Helen Suzman Foundation and Another v Minister of Home Affairs and Another – Q & A

1. What is at issue in this case and when will it be heard?

At issue in this case is Minister of Home Affairs, Aaron Motsoaledi’s (Minister) decision to terminate the Zimbabwean Exemption Permit (ZEP). If the Minister’s decision is upheld, the ZEP will terminate on 30 June 2023.

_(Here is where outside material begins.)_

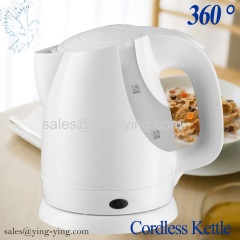 Rapid Boil Cordless Kettle ,1 L dry boiling protection New electrical kettle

The case will be heard between 11 and 14 April 2023 by a full bench of the Pretoria High Court.

2. What is the ZEP?

The ZEP is a special permit issued in terms of the Immigration Act that allows its approximately 178 000 holders, and their children, temporary legal status to live, work and study in South Africa. It is the third iteration of a permit that began back in 2009 as the ‘Dispensation for Zimbabweans Project’ (DZP), which the South African government introduced to cope with an influx of undocumented Zimbabweans fleeing political violence around 2008.

The DZP was renewed as the Zimbabwe Special Permit (ZSP) in 2014, which was in turn renewed as the ZEP in 2017. Whether applying for the DZP, ZSP or the ZEP, applicants had to abandon their attempts at applying for asylum status, show that they had the financial means to support themselves in South Africa and that they had no criminal record.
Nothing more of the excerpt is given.